The androgynes, hermaphrodites and femmes fatale of Decadent art are transformed in Decadence Mandchoue. Cixi is of course the ultimate femme fatale: an Empress who has her previous lovers murdered. The anxiety that this will happen to the narrator surfaces in several places in the novel, and one of the ways he assuages this is by keeping Cixi amused by regaling her with stories of his gay life, in a Decadent reversal of Scheherazade’s situation. The clitoromegalous Cixi is also a symbol of the hermaphrodite, as is the homosexual narrator, who is sometimes passive and sometimes active in his relations with her, and with his male lovers. Cixi during her lifetime was regarded as the earthly incarnation of Guang Ying or Avalokiteśvara, a Bodhisattva who appears sometimes in male guise, sometimes in female form. Her/His presence is ubiquitous all over Asia. Cixi, the great Decadent Queen, is a Chinese version of Balzac’s hermaphroditic character Seraphita, uniting the sensual and the occult within a Chinese, Taoist context rather than a Swedenborgian one.  The text abounds in descriptions of beautiful boys and eunuchs, the androgynes of Decadent art: Balzac’s castrato Sarrasine is reincarnated as any number of candidates: Li Lien Ying, for example.

Conclusion

Does the setting sun of decadence deserve our contempt and anathema for being less simple in tone than the rising sun of morning?
Theophile Gautier
Histoire du romantism

Ironically, because he didn’t mean it this way, Trevor-Roper was right to say that Decadence Mandchoue is not merely coloured by imagination in detail but pure fantasy throughout – and yet fantasy which was spun with extraordinary ingenuity around and between true facts accurately remembered or cunningly bent to sustain it. But is this not a description of any work of art? Is this is not how any artist works in consciously creating a work of fiction, especially historical fiction, which is what Decadence Mandchoue is?  Trevor-Roper’s inept misreading of the work is likely to stick to it, like guano on a monument. Sterling Seagrave, for example, who should know better as a long seasoned Old China Hand himself, calls Decadence Mandchoue the inflamed sexual fantasy of a mind completely unhinged and calls it lunatic graffiti, unthinkingly following Trevor-Roper, and making it clear that he had not actually read the work he is describing.

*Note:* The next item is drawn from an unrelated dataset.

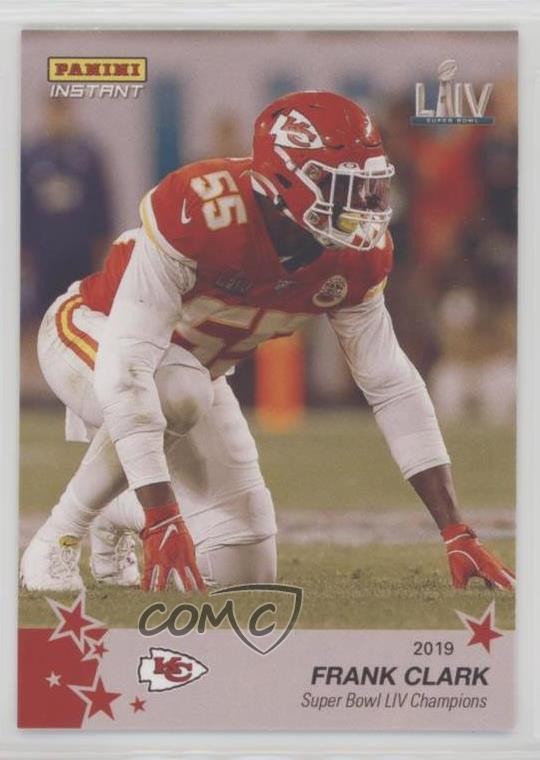 2020 Panini Instant Chiefs Super Bowl Box Set Frank Clark #17 7mb
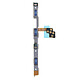 Nappe Bouton Power et Volume Compatible Samsung Galaxy A57 5G Argent Spécialement conçue pour le Samsung Galaxy A57 5G, cette pièce de remplacement s'intègre au châssis interne pour restaurer la réactivité des commandes latérales.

This might stand as a general response of those who are ultimately hostile or unsympathetic towards the Decadent aesthetic.

An important corrective here might be to look at how the Chinese language translation of the book has been received. In his introduction to the Chinese translation, the Taiwanese writer Luo Yijun praises the work’s artistic cohesion.
The Chinese dissident writer Bao Pu (editor of the banned Prisoner of the State: The Secret Journal of Chinese Premier Zhao Ziyang) praises Backhouse’s contributions to Western understanding of Chinese culture, - he is referring to Backhouse’s other two books- and also deplores Trevor-Roper’s hatchet job on Backhouse. A new generation of scholars in the field of East Asian studies from Pacific universities is also reassessing Backhouse’s life and career. 

A closer study of this work will reveal more secrets, for instance: the presence of Daoist ideas and patterns, the interaction between Backhouse’s European languages and use of Chinese, and a closer comparison of the work with Rene Leys and other Decadent and Modernist texts about China suggest themselves. Meanwhile, it is to be hoped that Earnshaw Books will produce the second volume Backhouse gave to Hoeppli.

Memory and imagination: the first counts as nothing without the second, which is verily the ode of the agnostic to immortality and gilds old age with the after- glow of youth. These dear phantoms of the past, if they cannot restore happiness to one who moveth in what is certainly not an ampler ether a diviner air, at least make life easier to be borne.